- PROMPT
An exact copy of every record is needed, with all pictures omitted.

▶

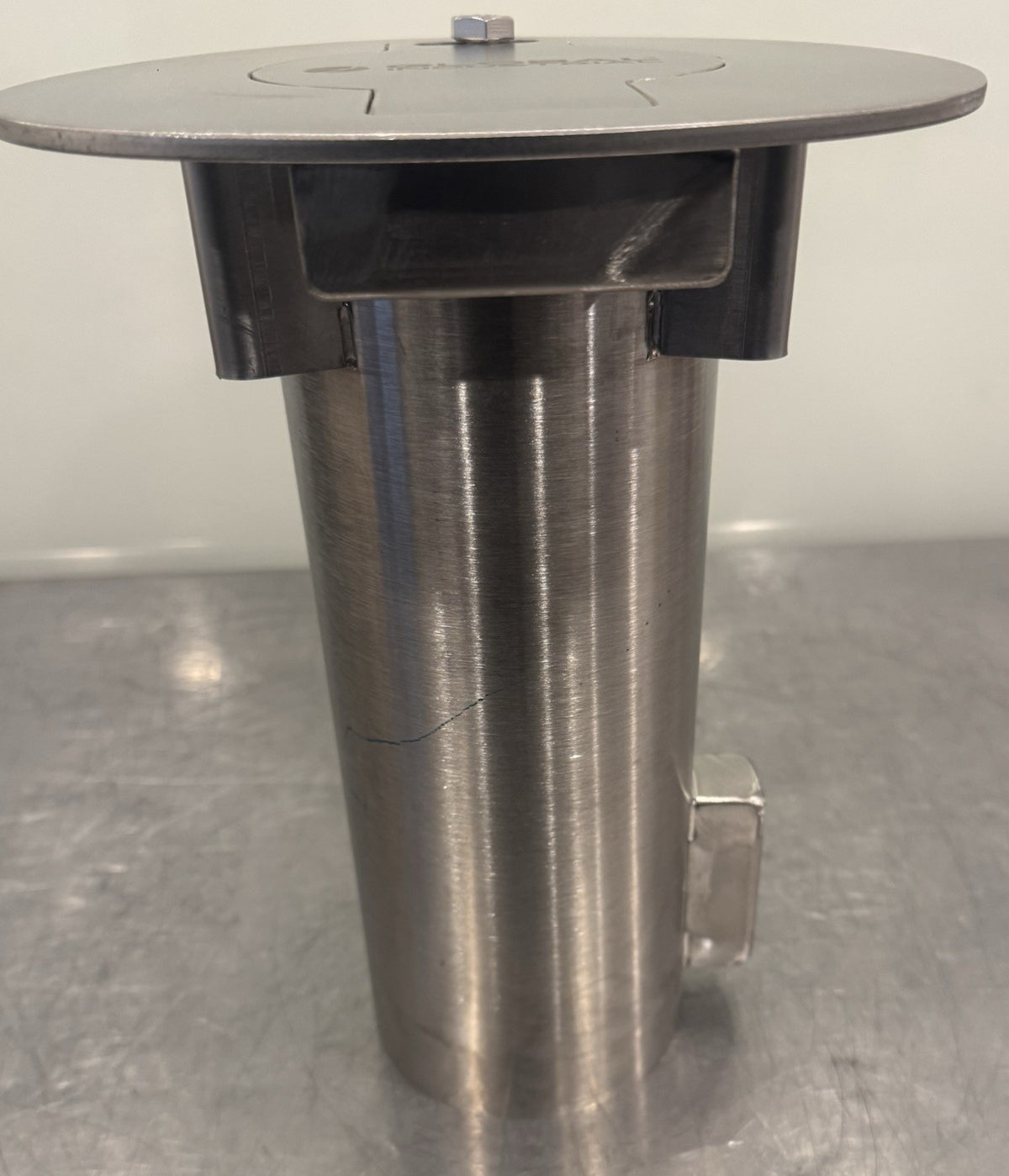 Global Industrial Removable Bollard Embedment Sleeve Ground Flush Mount NEW!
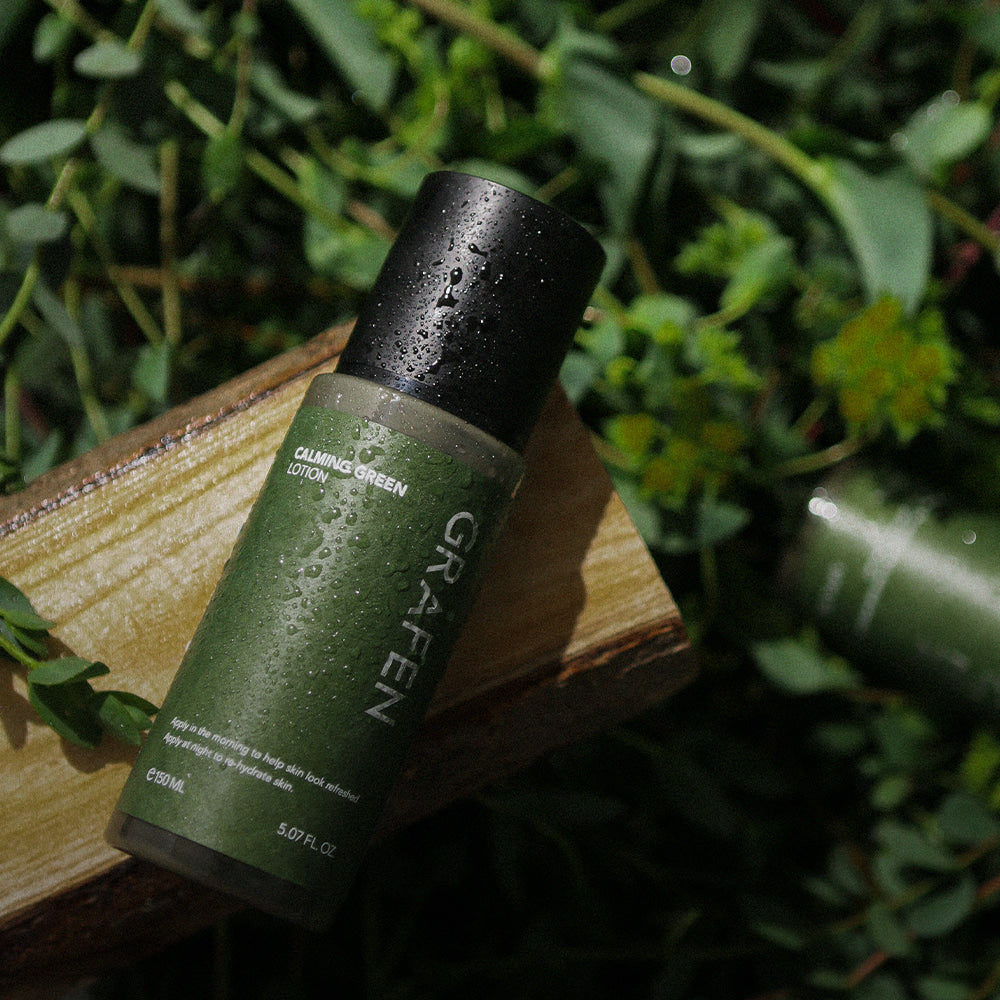 GRAFEN  Calming Green Lotion 150ml, lotion verte apaisante sur support bois, gouttes d’eau et fond végétal vert.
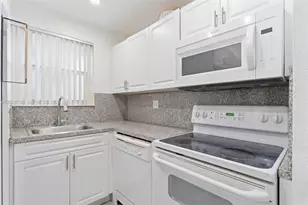 210 Fontainebleau Blvd, Miami, FL 33172 - Photo 5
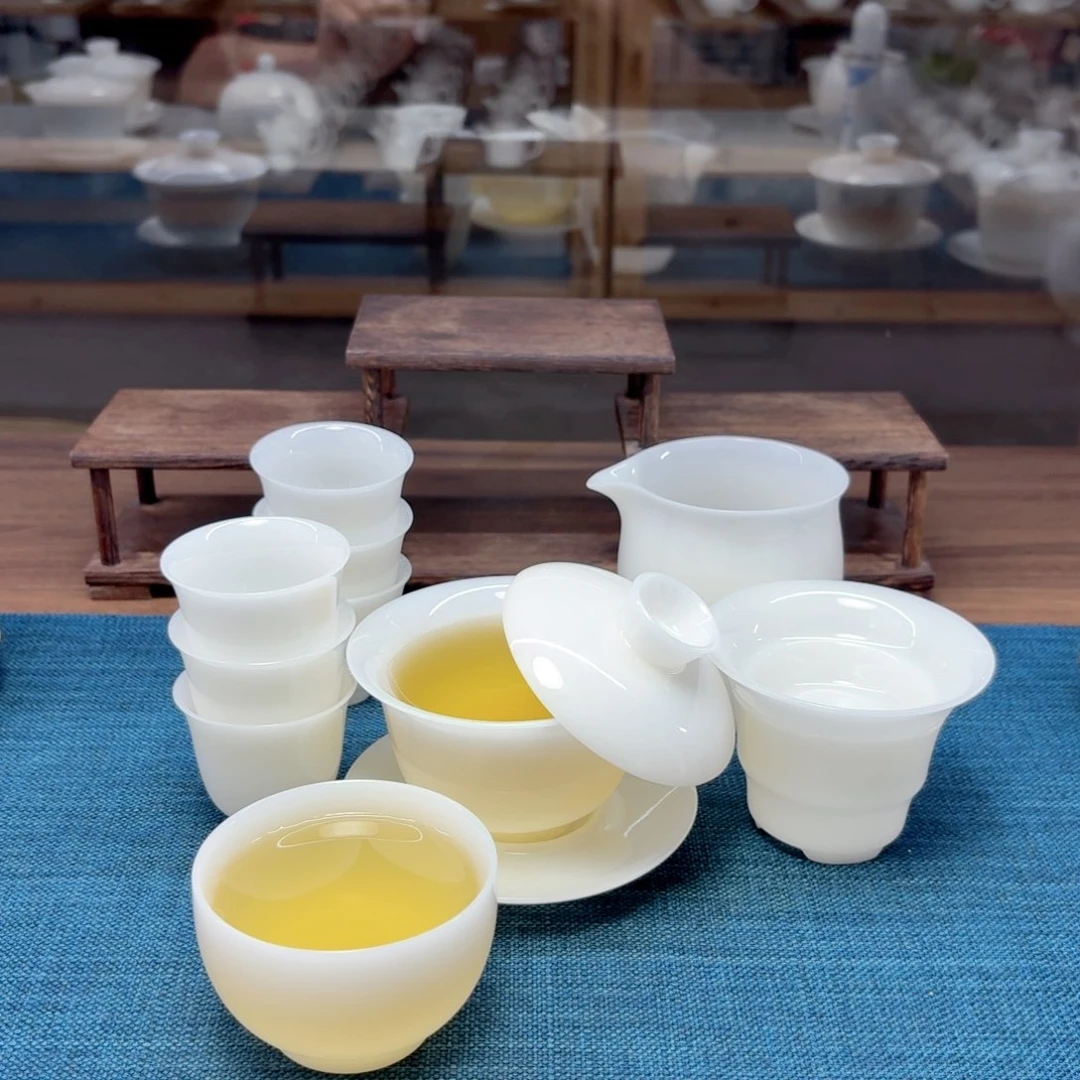 璞玉冰种玉瓷茶具工厂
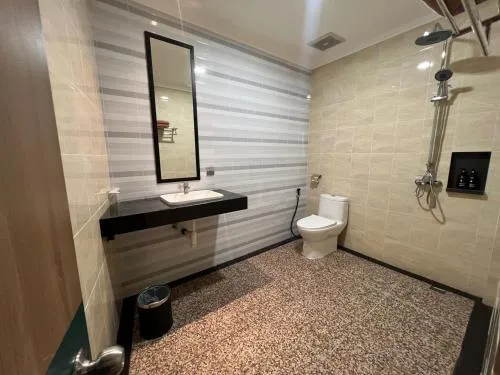 Bona Ventura Hotel & Skybar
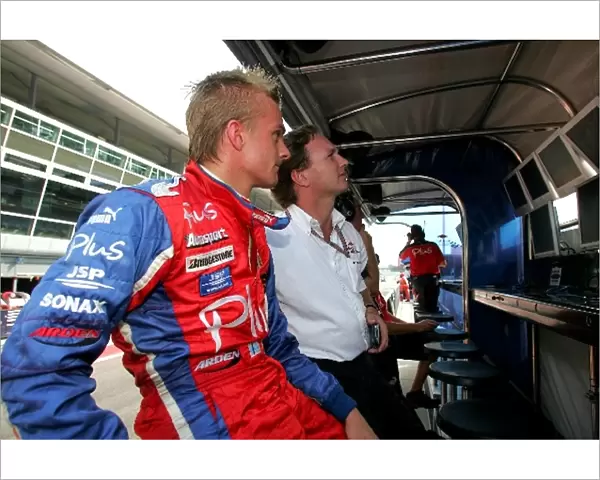 GP2 Series: Heikki Kovalainen Renault R25 and Christian Horner Red Bull Racing Sporting Director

◀

- SOLUTION TO THIS PROBLEM
 Global Industrial Removable Bollard Embedment Sleeve Ground Flush Mount NEW!
 GRAFEN  Calming Green Lotion 150ml, lotion verte apaisante sur support bois, gouttes d’eau et fond végétal vert.
 210 Fontainebleau Blvd, Miami, FL 33172 - Photo 5
 璞玉冰种玉瓷茶具工厂
 Bona Ventura Hotel & Skybar
 GP2 Series: Heikki Kovalainen Renault R25 and Christian Horner Red Bull Racing Sporting Director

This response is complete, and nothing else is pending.